Первые минуты шел обычный радиообмен, в шлемофонах стояла толчея голосов, эфир казался перенаселенным; позже они набрали высоту, после четырех тысяч метров надели кислородные маски, а когда ушли от аэродрома на триста километров, майор доложил на землю:
— Я — полсотни седьмой, на борту порядок. Отход. Прошу конец связи.
Им разрешили, майор поднял руку и нажал кнопку вверху над проходом на пульте радиостанции: с первого канала они перешли на второй, общий.
Сразу стало тихо, в гражданском эфире в этот поздний час царил покой, глухая ночь окутывала небо. Только откуда-то издали тихо, но отчетливо донесся разговор летчиков Аэрофлота:
— Миша, ты куда?
— В Магадан. А ты?
— В Крым.
— Завидую.
— Полетели вместе…
— Я не прочь, пассажиры не пустят.
— В Крыму сейчас благодать, — с усмешкой заметил Лукашин. — Бархатный сезон. Может, махнем?
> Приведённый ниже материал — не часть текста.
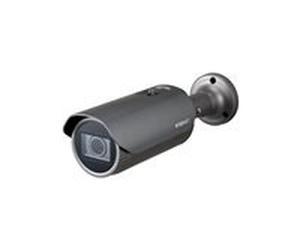 Hanwha Techwin WiseNet Q QNO-8080R - Caméra de surveillance réseau - extérieur - couleur (Jour et nuit) - 5 MP - 2592 x 1944 - motorisé - composite - LAN 10/100 - MJPEG, H.264, H.265 - PoE Class 3
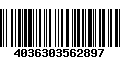 Código de Barras 4036303562897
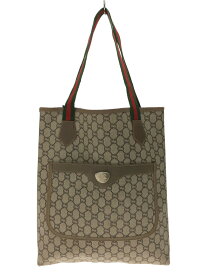 【中古】GUCCI PLUS◆シェリーライン/トートバッグ/総柄【バッグ】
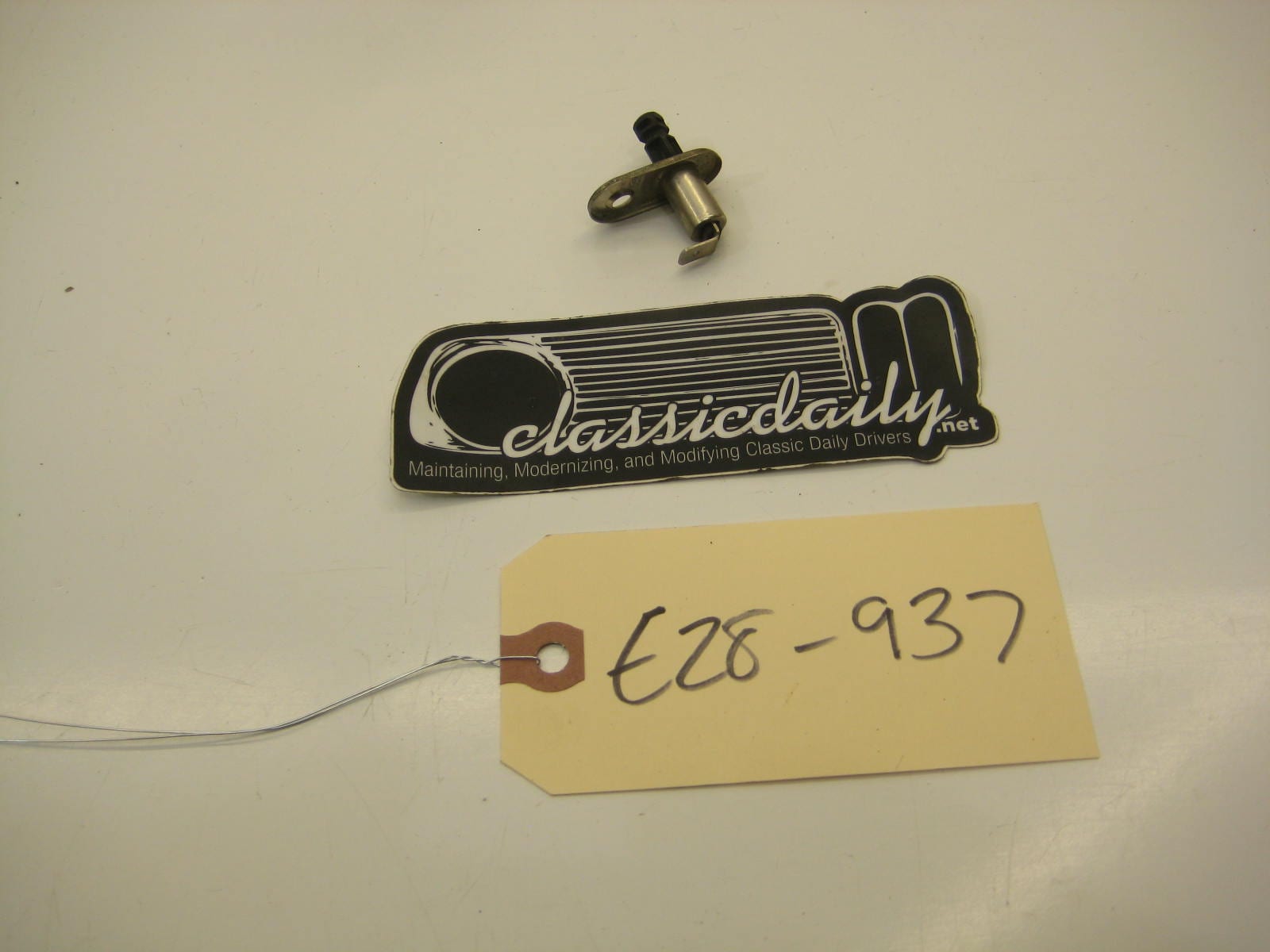 bmw e28 535 535is 528e trunk light switch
— В Крыму хорошо, но нам туда не надо, — сдержанно ответил майор, который не знал, как держать себя с этим подполковником: инспекторы попадались разные.
Они летели над океаном. Внизу вели ночной лов сейнеры, шли, посвечивая топовыми огнями, танкеры и сухогрузы, но чем дальше, тем безлюднее становился океан — ночная пустыня без единого огонька.
Еще помнились залитые светом города, бессонные порты, гавани, поселки на островах, но там, внизу, позади — так далеко, что их как бы и не было, лишь воспоминания нетвердо держались в памяти.
Вшестером они летели в ночном небе. Отчетливо горели над ними звезды, до которых, казалось, рукой подать. В полумраке слабо светились приборы, свет навигационных огней с двух сторон проникал в кабину — справа зеленый, слева красный, лица в их освещении выглядели прихотливо и странно.